• Task details: Omitting all images, give the entries that follow again exactly as they read.

━━ Input data ━━

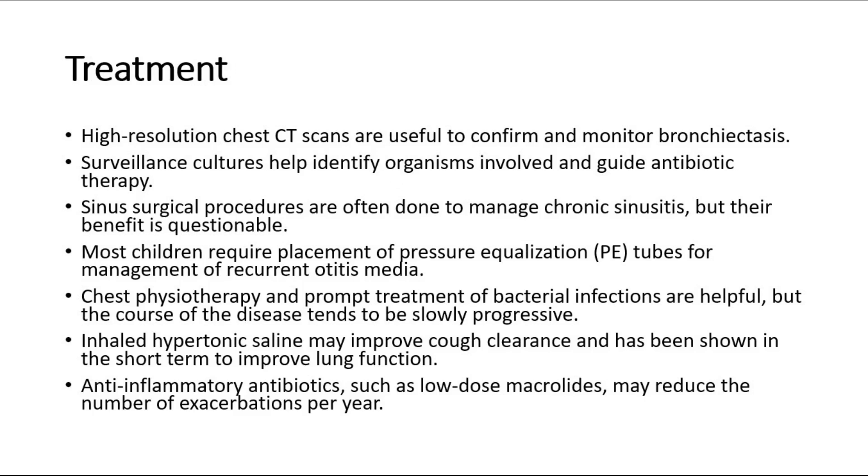For treatment, high-resolution chest CT scans are useful to confirm and monitor bronchiectasis. Surveillance cultures help identify organisms involved and guide antibiotic therapy. Sinus surgical procedures are often done to manage chronic sinusitis, but their benefit is questionable. Most children require placement of pressure equalization tubes for management of recurrent otitis media. Chest physiotherapy and prompt treatment of bacterial infections are helpful, but the course of the disease tends to be slowly progressive. Inhaled hypertonic saline may improve cough clearance and has been shown in the short term to improve lung function.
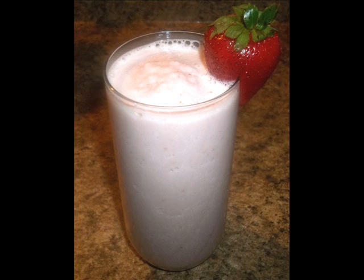I used a curds protein vanilla powder and I used strawberries, peaches, yogurt, and almond milk. It came out to be 240 calories, 15 carbs, and 28 grams of protein. This protein shake kept me full for majority of the day.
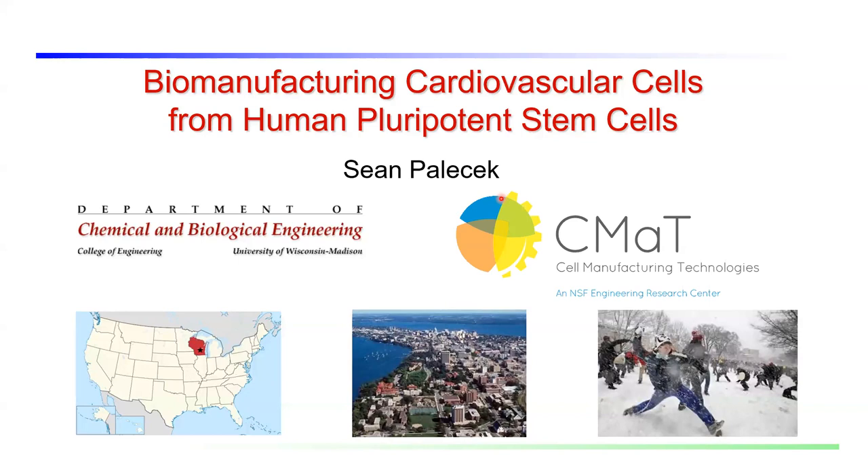Hi, my name is Sean Palachuk. I'm a professor in chemical and biological engineering at the University of Wisconsin in Madison. I'm also deputy director for the NSF-funded Center for Cell Manufacturing Technologies. Our mission with CMAT is to help develop industry for making cell therapy products. Today I'm going to tell you about work in my lab and in CMAT that focuses on manufacturing cardiovascular cells from human pluripotent stem cells.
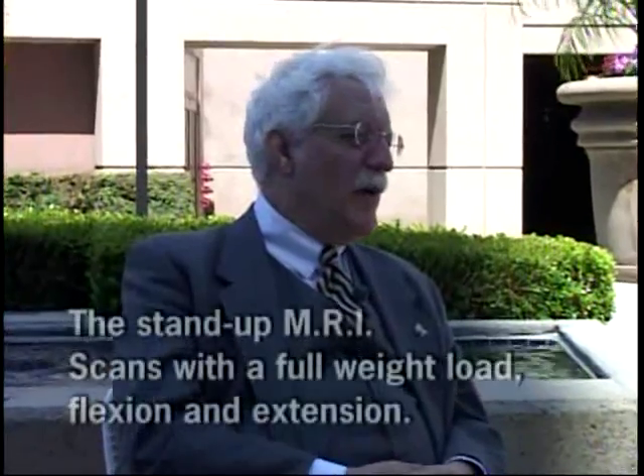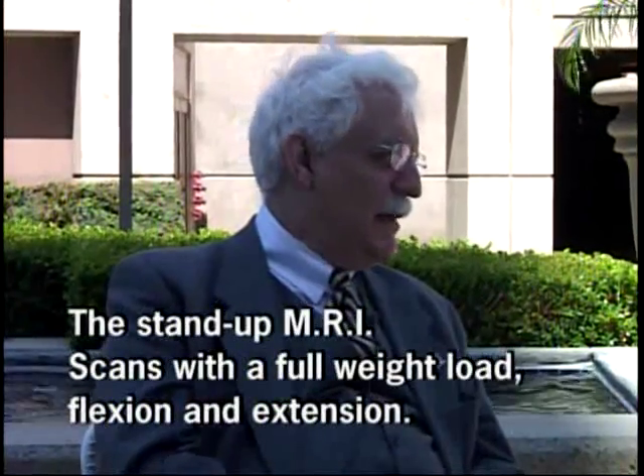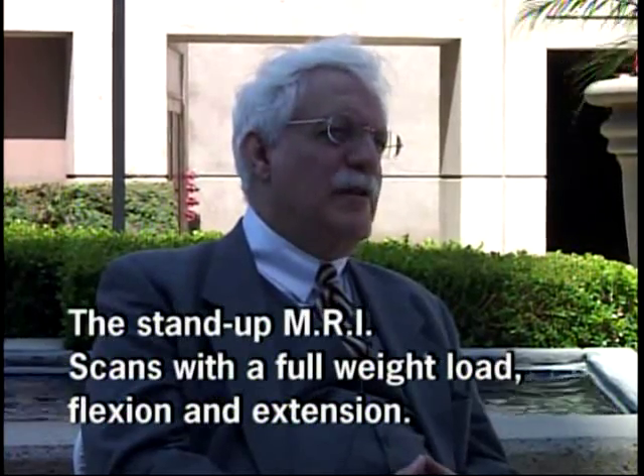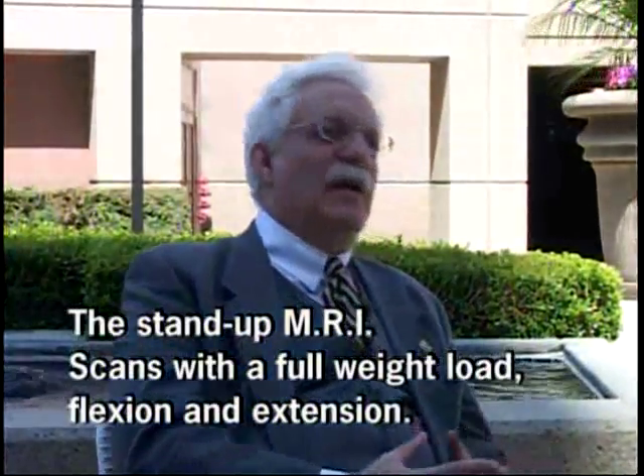Could you tell us a little bit about your latest invention, the stand-up MRI? The product that is achieving the most excitement in the marketplace right now is our new MRI, which we refer to as the stand-up MRI. What's different about it is it allows patients to be scanned sitting up.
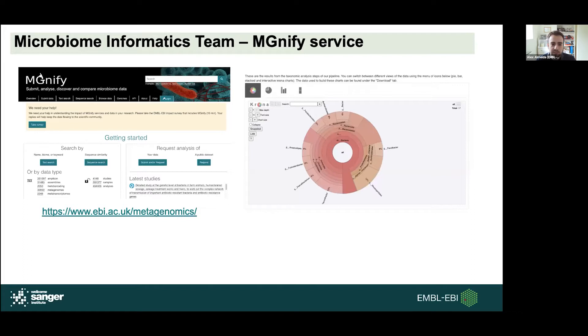Our microbiome informatics team is essentially structured into two main arms. There's the service side of things that manages the MGnify platform. This platform is really for allowing large-scale metagenomic analysis, so users can submit their data and process them through our standardized pipelines. This gives them the advantage to compare their datasets with tens of thousands of other datasets already available on our site. However, I'm not going to focus on this for this talk, as Rob is actually covering it in the afternoon session.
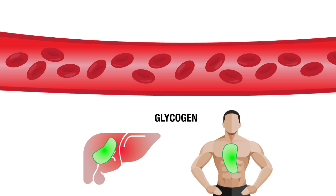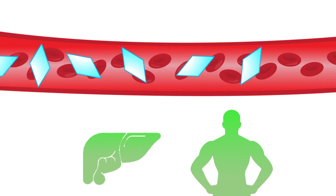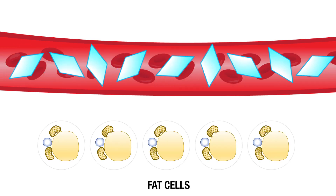This glucose reaches the liver and the muscles and becomes converted into glycogen — a form of sugar which the liver and muscles can store away for later use. The muscles can only store so much glycogen. Once the stores are full, glucose levels in the bloodstream rise again and the liver processes the glucose into a form that fat cells can absorb and store as fat instead.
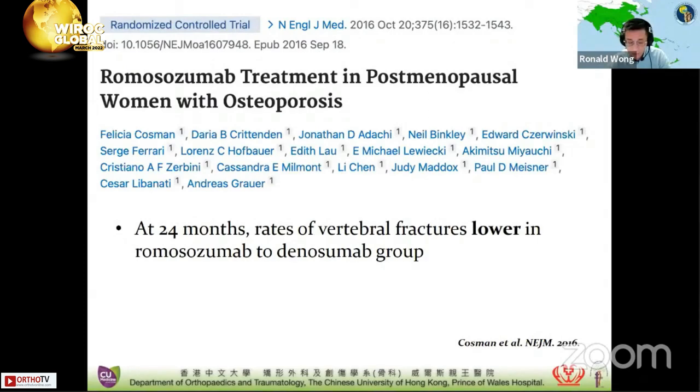Looking at the FRAME study, postmenopausal women with osteoporosis were randomly assigned to receive romosozumab or placebo for 12 months. After that, patients in each group received denosumab for 12 months. At 24 months, rates of vertebral fractures were significantly lower in the romosozumab group than in the placebo group after each group transitioned to denosumab — with a 75% lower risk. This study again illustrates the success of sequential therapy.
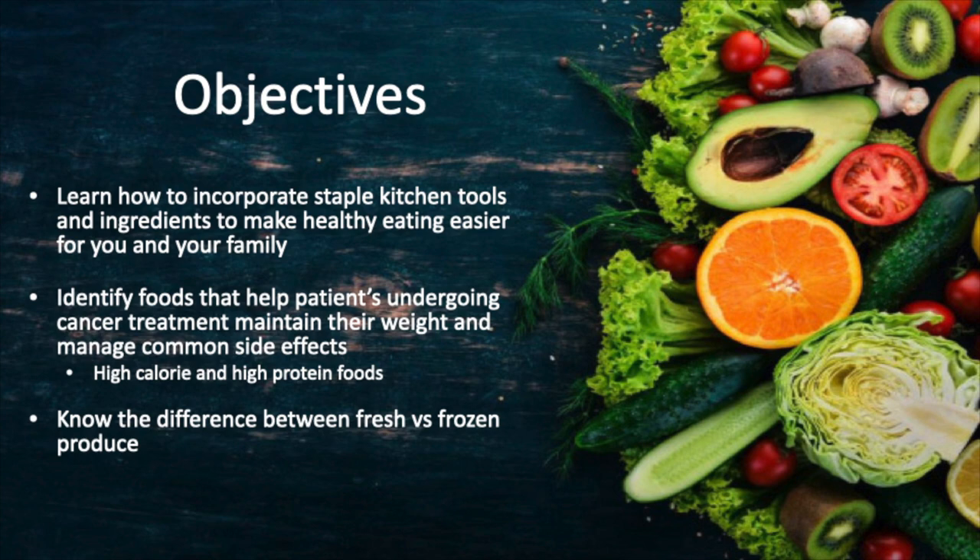Today's objectives for this episode are to learn how to incorporate staple kitchen tools and ingredients to make healthy eating easier for you and your family, to identify foods that help cancer patients undergoing treatment to maintain their weight and manage common side effects. This will include high calorie foods and high protein foods. Also, we will discuss the difference between fresh versus frozen produce.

━━━

• The completed task:
For treatment, high-resolution chest CT scans are useful to confirm and monitor bronchiectasis. Surveillance cultures help identify organisms involved and guide antibiotic therapy. Sinus surgical procedures are often done to manage chronic sinusitis, but their benefit is questionable. Most children require placement of pressure equalization tubes for management of recurrent otitis media. Chest physiotherapy and prompt treatment of bacterial infections are helpful, but the course of the disease tends to be slowly progressive. Inhaled hypertonic saline may improve cough clearance and has been shown in the short term to improve lung function.
I used a curds protein vanilla powder and I used strawberries, peaches, yogurt, and almond milk. It came out to be 240 calories, 15 carbs, and 28 grams of protein. This protein shake kept me full for majority of the day.
Hi, my name is Sean Palachuk. I'm a professor in chemical and biological engineering at the University of Wisconsin in Madison. I'm also deputy director for the NSF-funded Center for Cell Manufacturing Technologies. Our mission with CMAT is to help develop industry for making cell therapy products. Today I'm going to tell you about work in my lab and in CMAT that focuses on manufacturing cardiovascular cells from human pluripotent stem cells.
Could you tell us a little bit about your latest invention, the stand-up MRI? The product that is achieving the most excitement in the marketplace right now is our new MRI, which we refer to as the stand-up MRI. What's different about it is it allows patients to be scanned sitting up.
Our microbiome informatics team is essentially structured into two main arms. There's the service side of things that manages the MGnify platform. This platform is really for allowing large-scale metagenomic analysis, so users can submit their data and process them through our standardized pipelines. This gives them the advantage to compare their datasets with tens of thousands of other datasets already available on our site. However, I'm not going to focus on this for this talk, as Rob is actually covering it in the afternoon session.
This glucose reaches the liver and the muscles and becomes converted into glycogen — a form of sugar which the liver and muscles can store away for later use. The muscles can only store so much glycogen. Once the stores are full, glucose levels in the bloodstream rise again and the liver processes the glucose into a form that fat cells can absorb and store as fat instead.
Looking at the FRAME study, postmenopausal women with osteoporosis were randomly assigned to receive romosozumab or placebo for 12 months. After that, patients in each group received denosumab for 12 months. At 24 months, rates of vertebral fractures were significantly lower in the romosozumab group than in the placebo group after each group transitioned to denosumab — with a 75% lower risk. This study again illustrates the success of sequential therapy.
Today's objectives for this episode are to learn how to incorporate staple kitchen tools and ingredients to make healthy eating easier for you and your family, to identify foods that help cancer patients undergoing treatment to maintain their weight and manage common side effects. This will include high calorie foods and high protein foods. Also, we will discuss the difference between fresh versus frozen produce.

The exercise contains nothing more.